Hydrophobic organic contaminants often reach groundwater as result of industrial spills. Those chemicals are a long term source of soil and aquifer contamination, and they are quite difficult to remove because of their low solubility and high surface tension (Lee et al. 2002). A good example of the inefficiency of this process is using clay minerals to remove phenol from water (Banat et al. 2000).

Phenols are contaminants widely used in industry. They are considered to be a major pollutant since they can be harmful to living organisms even at low concentrations. In addition, phenols also present potential harm to human health.

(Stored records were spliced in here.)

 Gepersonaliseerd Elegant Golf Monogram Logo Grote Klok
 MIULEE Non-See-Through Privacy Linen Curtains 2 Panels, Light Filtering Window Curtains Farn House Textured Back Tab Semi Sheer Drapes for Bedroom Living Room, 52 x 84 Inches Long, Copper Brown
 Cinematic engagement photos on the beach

Clays are widely used to remove liquid impurities from water due to their highly specific area and their chemical and mechanical stability (Juang et al. 2002). However, their performance in removal is compromised in groundwater decontamination, since hydration of exchangeable alkali and alkaline earth metal cations creates a hydrophilic environment on the surface and in the interlayer region of natural clays. (Abate and Masini 2000).

The adsorbent properties can be improved by replacing the natural inorganic cations with organic cations such as quaternary ammonium cations of the (CH3)3N+(CH2)15CH3 form. The main purpose of such a modification is to increase the hydrophobic nature of the mineral surface and consequently enhance the affinity to organic compounds.

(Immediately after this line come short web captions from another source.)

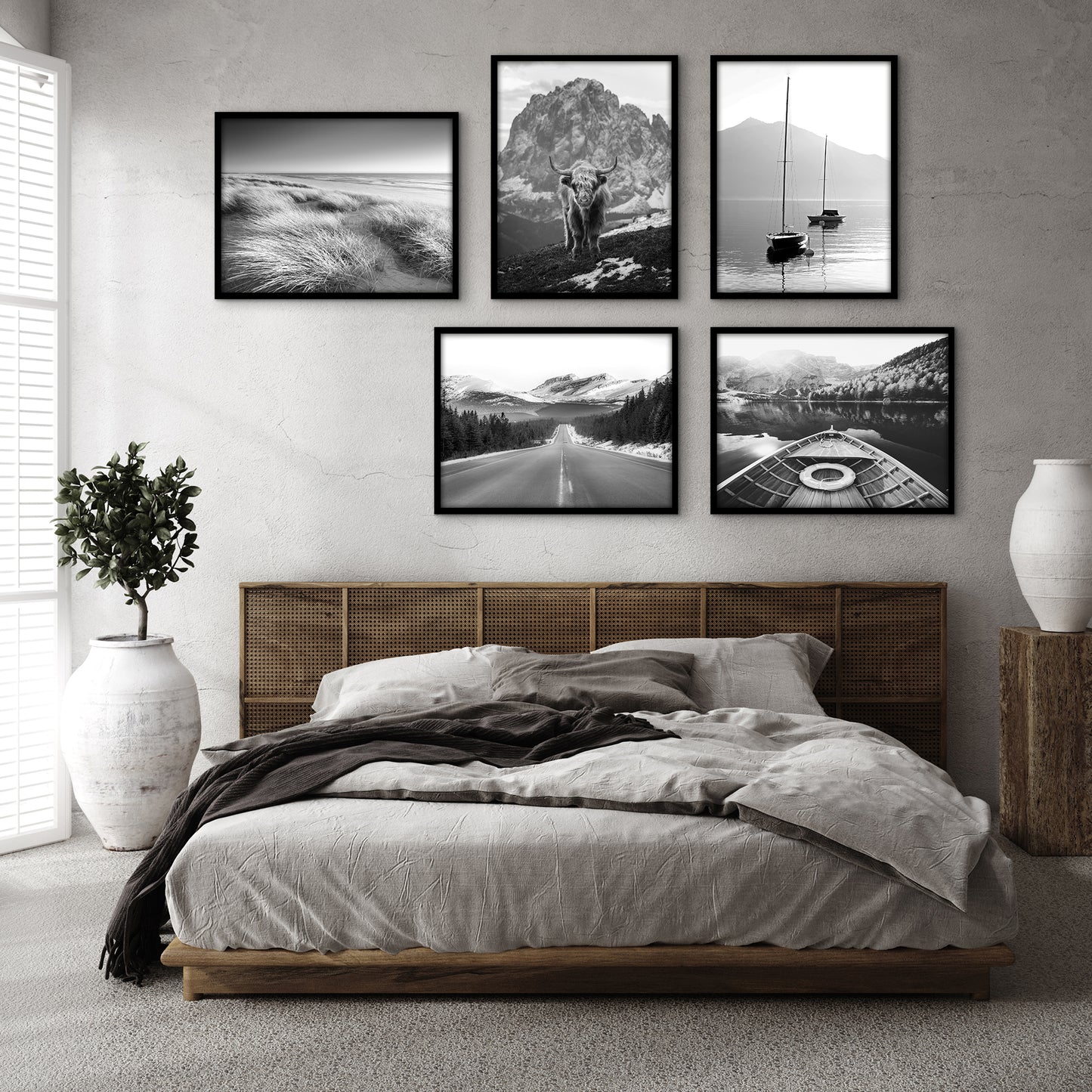 Picture Frame Set of 5 - Gallery Wall Frame Set with Included Hanging Hardware - Horizontal or Vertical Display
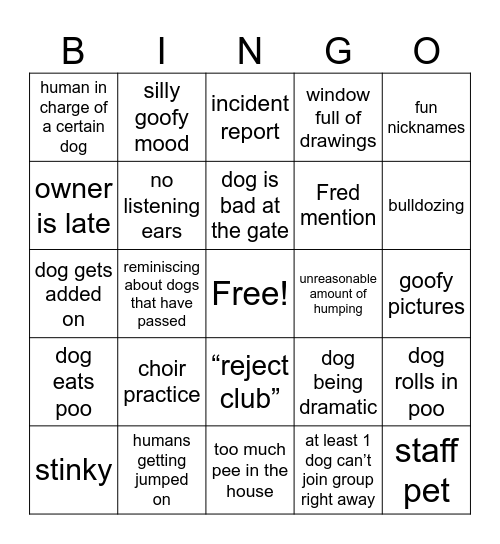 DC Bingo Card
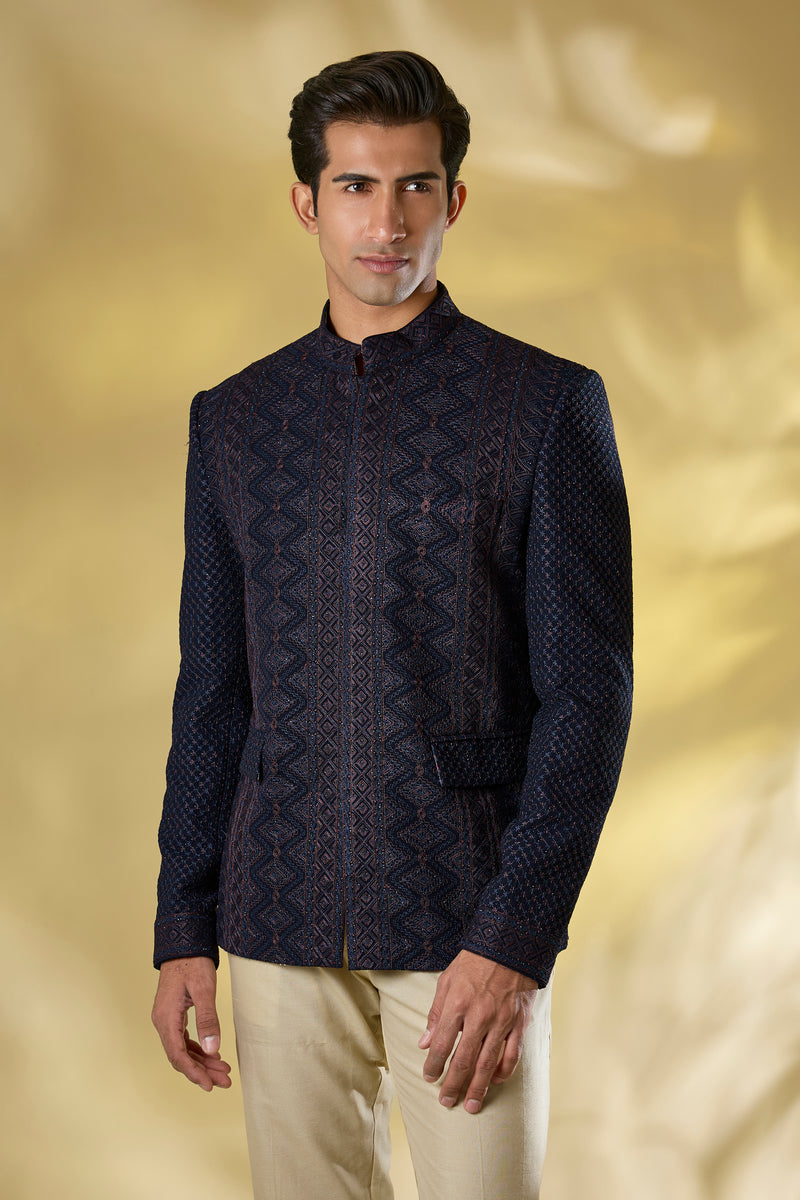 DARK BLUE GORGETTE 2 TONE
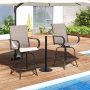 Gray 2 Pieces 360 Rotating Bar Stool Set with Armrests for Patio - Image 1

Organoclays show different hydrophobic properties depending on the organic cations structure and its uptake into the gallery. This is an important feature because the treatment of the mineral can be adjusted according to need. Therefore organoclays may be employed to remove several pollutants in water, namely: heavy metal ions, inorganic anions such as chromate, organic compounds and pesticides (Krishna et al. 2001).

The modification proposed in this work enhances the removal of non-ionic organic solute from aqueous solution.

The organophilic properties of the modified clay result in part from the reduced degree of hydration of the organic cations as compared to natural inorganic exchangeable cations (Abate and Masini 2000). Modified clays have proved effective in removing various organic contaminants (Banat et al. 2000) and may be useful to treat contaminated water (Bowman et al. 2005). Much attention has been drawn to the modification of clay mineral properties, because it is low cost and readily available in several technological applications (Nir et al. 2007).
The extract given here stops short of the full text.